Oil prices are back on the rise today after a steep sell-off last week took the black stuff to its lowest level of the year.
Crude prices were boosted by a weaker US dollar and a rebound in global stock markets following the turmoil seen last week, but rising US production is still keeping a lid on the rally.
At the time of writing, Brent crude, the global benchmark, was up 1.72 per cent at $63.87 a barrel. Last month it climbed above $70 a barrel for the first time since 2014.
West Texas Intermediate (WTI), the US benchmark, was up 1.91 per cent at $60.33 a barrel.

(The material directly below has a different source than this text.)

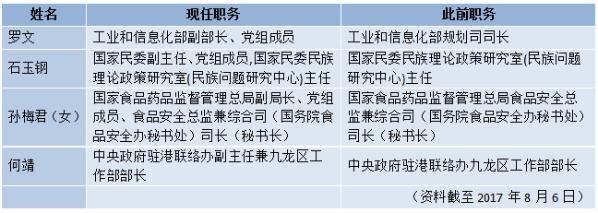 国务院任命4部门副职 多家央企迎锛傂抡泼棚紓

The rise came as the Organisation of the Petroleum Exporting Countries (Opec), said a healthy world economy would boost world oil demand more than expected this year, but higher output in the US would only allow the global market to return to balance at the end of the year.

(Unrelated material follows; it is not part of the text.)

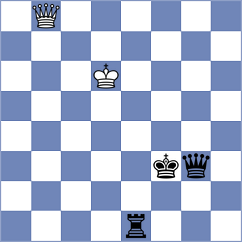 Fier - Martinez Alcantara (chess.com INT, 2024)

In its monthly report, Opec revised production growth from outside the cartel higher, saying countries like the US would grow supplies by 1.4m barrels per day (bpd) this year, up 250,000 bpd from its previous forecast, as higher prices encourage more production.
World oil demand is expected to rise by 1.59m bpd this year, up 60,000 bpd from Opec's previous forecast.
Goldman Sachs also struck a cautionary tone over the recent rally in oil prices today.
The bank said factors which pushed oil prices higher, including increased global demand, supply disruptions and US producer discipline, were less likely to be sustainable.
“Most importantly, investors remain unconvinced US producer discipline will hold,” Goldman Sachs said in a note.